While box-office receipts state otherwise, many cinemagoers have complained of superhero fatigue, but 2017 did give us a handful of invigorating and rejuvenative superheroes (if this list were a smidge longer it would also include James Mangold’s Logan, which here we relegate to our Honorable Mentions postscript section), and we fucking finally got to catch up with Diana, princess of the Amazons in a fist-pumping action film that wasn’t camp, wasn’t prosaic, and wasn’t a parade of chauvinist conceits, either. No, we got our Wonder Woman and she kicked all kinds of ass!

Directed by Patty Jenkins (2003’s Monster), and starring a sensational Gal Gadot as our unconquerable warrior, Wonder Woman pulls us post-haste through Diana’s origins on the gorgeously rendered hidden island of Themyscira (additional props to cinematographer Matthew Jensen, production designer Aline Bonetto and the rest of the hard working crew) while also presenting a compelling World War I-set narrative involving American pilot Steve Trevor (Chris Pine) that first brought Diana to our modern world.

Jenkins and co present a wealth of awesome women, of course (Lucy Davis is great, as are many Amazonians played by Connie Nielsen, Robin Wright, and Lisa Loven Kongsli as well as Elena Anaya’s evil Dr. Maru), but there’s also juicy roles for Danny Huston, David Thewlis, and Ewen Bremner.

And a special tip of the hat goes out to Eugene Brave Rock who’s Chief not only gets to descry the dangers of colonialism and cultural genocide, but shares a scene with Diana spoken in Blackfoot. It’s so rare that aboriginal actors and characters are respectfully acknowledged in a mainstream film, so if you needed another reason to love Wonder Woman, well, there you go!

Part war movie, part doomed romance, overfull with artful and exciting action sequences (the No Man’s Land assault led by Diana is worth the cost of admission alone), and all told some pretty subversive content for a populist DC superhero film –– and easily the best outside of Nolan’s Batman films, from that expanded universe –– this is a charismatic, crowd-pleasing, comic book conversion that works on every conceivable level. Wonder Woman dazzles.

 

21. Song to Song

A visually luxuriant art film from writer-director Terrence Malick, Song to Song is a devastating and delicious love story about anguish, grief, loss, and just being alive. Set within the music scene in Austin, Texas, Malick presents two entwined couples; music magnate Cook (Michael Fassbender), and troubled waitress Rhonda (Natalie Portman); struggling but up-and-coming singer/songwriters BV (Ryan Gosling) and Faye (Rooney Mara). As their lives interlace amidst a panorama of music, temptations, and deceptions.
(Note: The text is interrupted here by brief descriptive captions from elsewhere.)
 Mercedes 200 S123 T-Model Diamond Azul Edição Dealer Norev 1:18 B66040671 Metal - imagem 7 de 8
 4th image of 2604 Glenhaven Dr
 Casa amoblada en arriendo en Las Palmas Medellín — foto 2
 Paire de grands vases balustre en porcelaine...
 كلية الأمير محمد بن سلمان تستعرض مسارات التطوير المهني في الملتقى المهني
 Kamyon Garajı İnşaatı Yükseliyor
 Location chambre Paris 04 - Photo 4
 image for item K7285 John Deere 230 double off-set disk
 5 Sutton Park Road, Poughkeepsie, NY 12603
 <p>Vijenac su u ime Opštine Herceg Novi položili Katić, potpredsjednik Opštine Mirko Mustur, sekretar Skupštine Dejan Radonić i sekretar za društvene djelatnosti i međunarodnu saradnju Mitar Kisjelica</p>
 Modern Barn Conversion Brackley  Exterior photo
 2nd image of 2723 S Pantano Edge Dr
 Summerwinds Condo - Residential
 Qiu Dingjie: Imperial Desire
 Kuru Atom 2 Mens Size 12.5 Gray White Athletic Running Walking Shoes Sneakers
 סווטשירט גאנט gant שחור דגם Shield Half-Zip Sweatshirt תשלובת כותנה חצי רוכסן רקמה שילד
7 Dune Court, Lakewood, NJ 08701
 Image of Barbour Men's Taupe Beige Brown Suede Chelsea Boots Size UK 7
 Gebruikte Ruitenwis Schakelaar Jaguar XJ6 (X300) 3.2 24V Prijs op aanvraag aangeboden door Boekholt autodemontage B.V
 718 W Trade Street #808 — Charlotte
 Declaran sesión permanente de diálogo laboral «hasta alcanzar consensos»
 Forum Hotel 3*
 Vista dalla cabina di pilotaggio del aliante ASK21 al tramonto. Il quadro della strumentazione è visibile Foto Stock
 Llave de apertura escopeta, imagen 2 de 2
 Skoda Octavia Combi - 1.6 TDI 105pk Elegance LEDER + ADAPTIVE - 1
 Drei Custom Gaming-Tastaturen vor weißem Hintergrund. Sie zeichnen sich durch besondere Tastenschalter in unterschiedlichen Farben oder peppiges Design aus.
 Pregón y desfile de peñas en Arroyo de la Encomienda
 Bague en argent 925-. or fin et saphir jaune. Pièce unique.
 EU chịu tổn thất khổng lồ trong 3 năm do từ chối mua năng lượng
A moving miracle, and a deeply idiosyncratic one, of course Song to Song isn’t a movie for everyone (interjections: aren’t “movies for everyone” just comforting, non-confrontational vanilla anyways?), but it is a movie that exalts and haunts (Holly Hunter’s reaction to her daughter’s suicide sent me sobbing).

Malick, for reasons I won’t delve into here, has made films as of late that needle and annoy as many audience members as her delights and vivifies, and if you’re in the latter camp, Song to Song is his best work since 2011’s The Tree of Life. This is a film for Antonioni fans, for dreamers, for wanderers, for artists, and for lost causes, and it’s sublime and it will grandly outlive us all.